Being a “1.0” type device, there were a few features I thought were missing. There is no “reality view” type feature to give lane guidance information. Many exits are just displayed with their exit number rather than the “signpost” style information found on competitive devices. No speed limit data appears on the screen, and there is no “help me” type menu to organize emergency information in one spot. (Although you can clear the route go to an overview map, select ‘cursor details’, and it will show you the closest physical address to your current location.)
The device itself will debut at $299, exclusively from telenav.com. That is a reasonable cost for a device with text-to-speech, a widescreen, and a traffic option. However don’t forget to consider the cost of the connected services. Month to month plans are $11.99/month, 1 Year plans are $10.75/month, and 2 Year plans are $9.96/month. If you purchase the device with two years of service the total cost will come to about $540.
A good comparison might be with the Garmin Nuvi 255w that offers similar hardware and navigation features. The device is about $250 right now. Add the MSN Direct GDB-55 traffic receiver for about $95 which comes with one year of service. Add a second year for $50. The TeleNav Shotgun also comes with map updates so include the cost of one map update at $80. So over the two year period you would spend just $475.

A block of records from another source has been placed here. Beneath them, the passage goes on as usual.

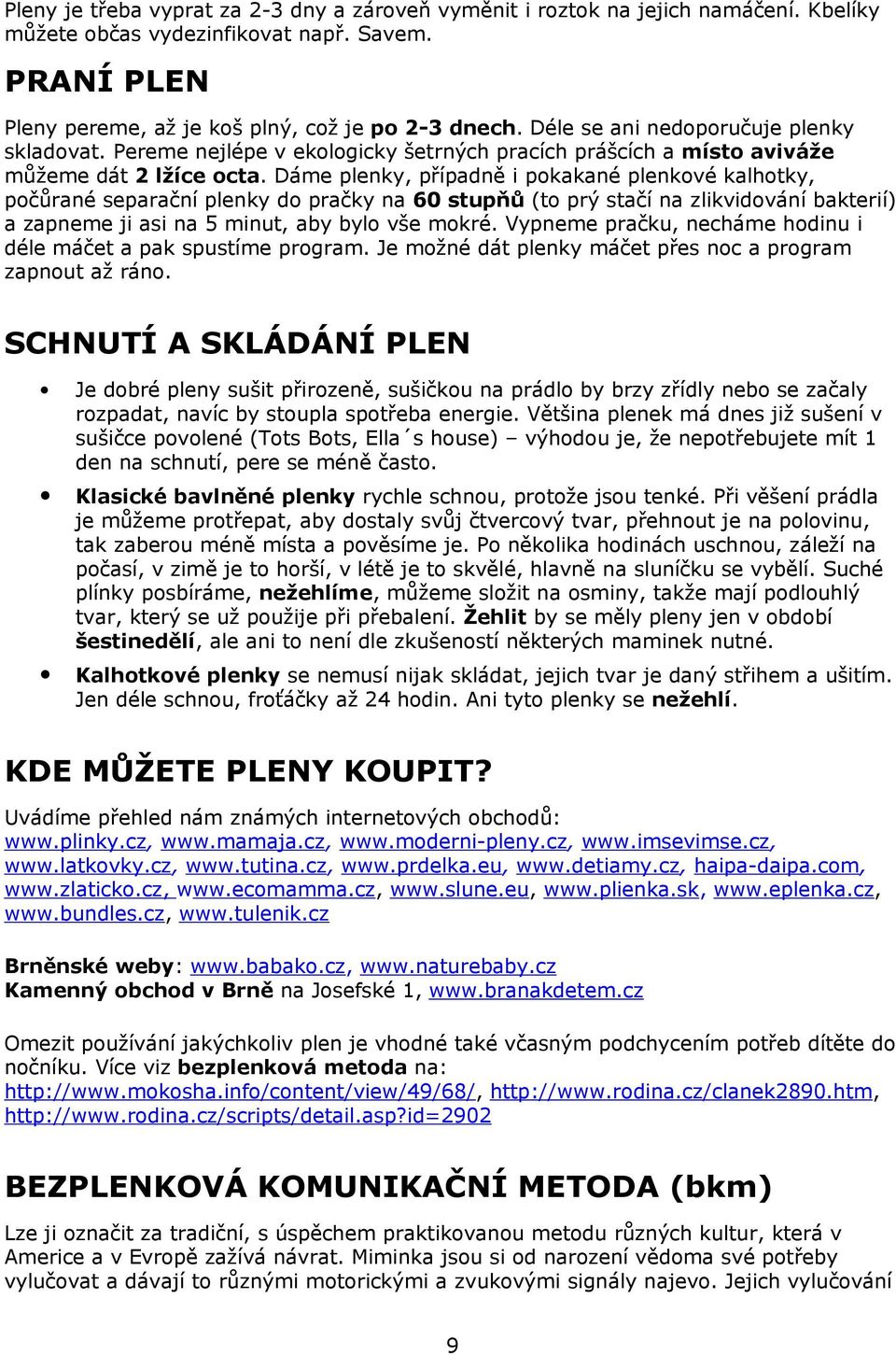 Dáme plenky, případně i pokakané plenkové kalhotky, počůrané separační plenky do pračky na 60 stupňů (to prý stačí na zlikvidování bakterií) a zapneme ji asi na 5 minut, aby bylo vše mokré.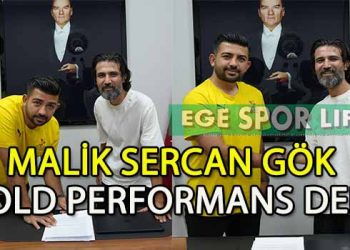 GOLD PERFORMANS TRANSFERE DOYMUYOR, MALİK SERCAN GÖK’DE İMZALADI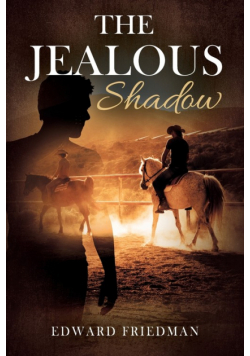 The Jealous Shadow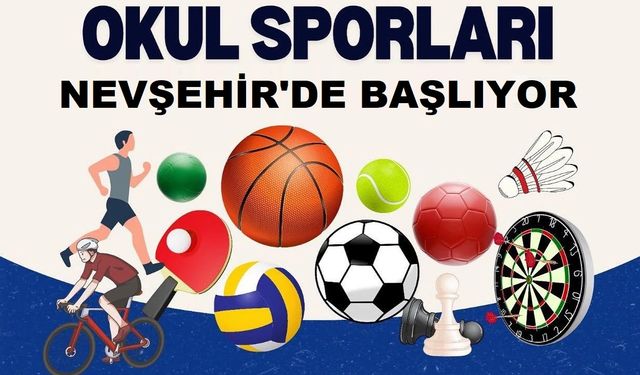 Nevşehir’de 2025-2026 Okul Sporları Sezonu Başlıyor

In both cases you would get a device that has a widescreen, is slim, has text-to-speech, the ability to send destinations to the device via the web, live traffic updates, current maps, and updated fuel prices. The most notable Garmin advantages in this scenario are weather reports, movie times, stock quotes, and a design that has years of product development behind it. The TeleNav Shotgun advantage is with double the built-in POIs, automatic updates, and all of the hardware and subscriptions come in one package. That may or may not be worth the extra $65.
The Final Fix
TeleNav is off to a good start with the Shotgun. While I ran across a decent list of things that needed to be touched up, most of those were relatively small issues that can be addressed through software updates. As a bonus those software updates get delivered to the device automatically so you don’t need to fuss with USB connections, computer downloads, and installation programs. If the TeleNav has the features you are looking for (widescreen, text to speech, fuel prices, traffic updates) and you want to purchase it all in a single package it might not be a bad way to go. New features such as restaurant reviews and weather updates are said to be coming, so the feature disparity with other devices will diminish. But for all of the new companies entering the GPS market over the past couple of years, the TeleNav Shotgun is off to the races with a good start.